Reminding me of all the times
I've tried before and failed
The waves they keep on telling me
Time and time again
"Boy, you'll never win,
You'll never win."



But the voice of truth tells me a different story

The voice of truth says "Do not be afraid!"
And the voice of truth says "This is for my glory"
Out of all the voices calling out to me
I will choose to listen and believe the voice of truth

I know that I hardly post about private affairs and emotional thoughts in this blog. In fact, I think it was only once or twice where I succumbed to temptation. I usually find writing a good form of expressing myself, and usually as this is available to public view I don't do what I did in past blogs anymore. But right now I just feel like something needs to come out, and hopefully in a weird way this could serve as a testimony of God's goodness and love.

The emptiness and emotional trauma I've been going through might not be what one call unhealthy depression, but there were just many times in the past 2 years where I felt I've reached my breaking point and desperately needed rest.
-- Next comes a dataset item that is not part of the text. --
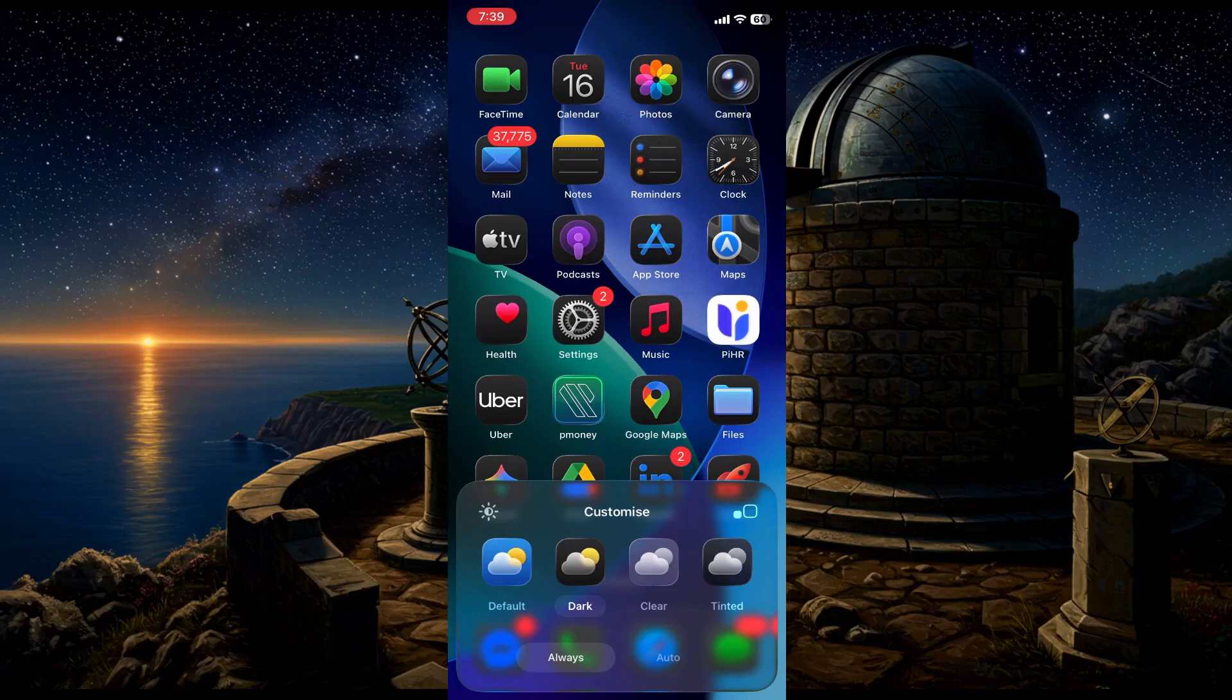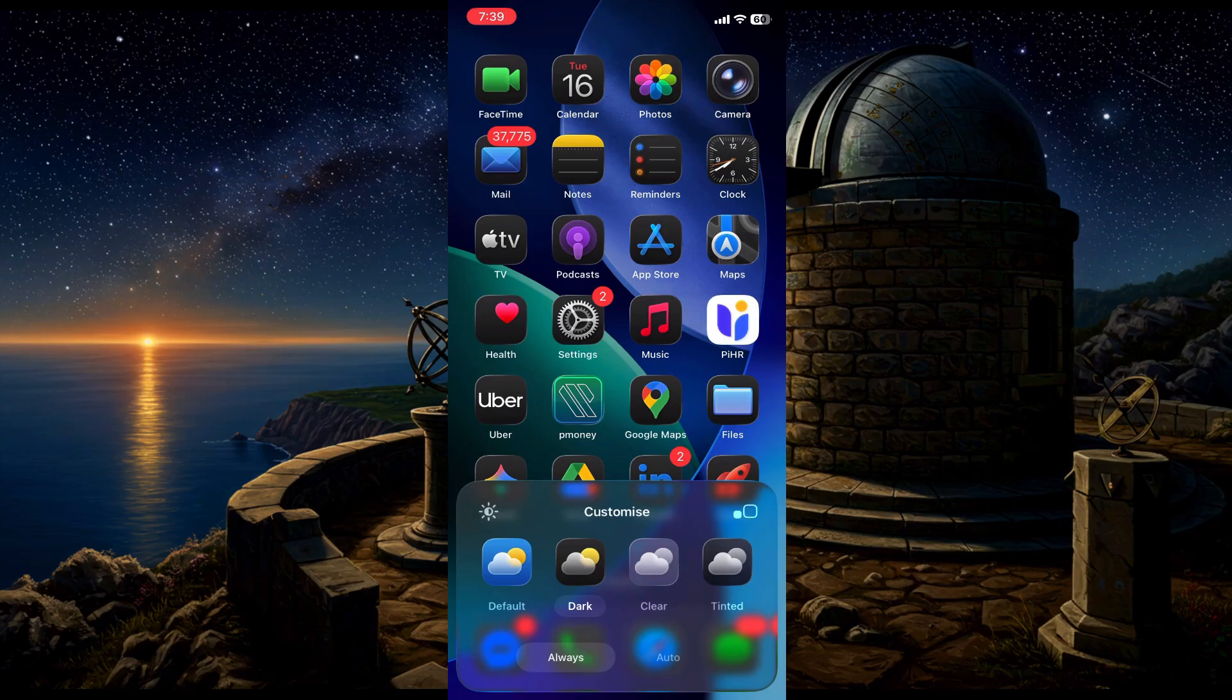Let's check out dark. You just tap it and boom, all your icons switch over to dark mode. Looks pretty clean.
It really isn't the same when this blog isn't private. I should start getting into the habit of writing in my husband book more often. :D
Basically what I'm feeling right now is the emptiness I feel when people "like me".
Firstly, they have bad taste.
Secondly, it's so painful to see how people never look beyond what they like to see and how all those feelings only go as deep as infatuation or a liking to my physical attributes.

I really don't see why one might like me for that. But if it is, I don't like it too.
Sometimes I wish God would just keep me away from temptation and just tell me who's the one. I'm so tired of looking through the sea of them only to see predatory interest in their eyes.

You might laugh, you might scoff.
I would do both but it's so scary its not even funny anymore.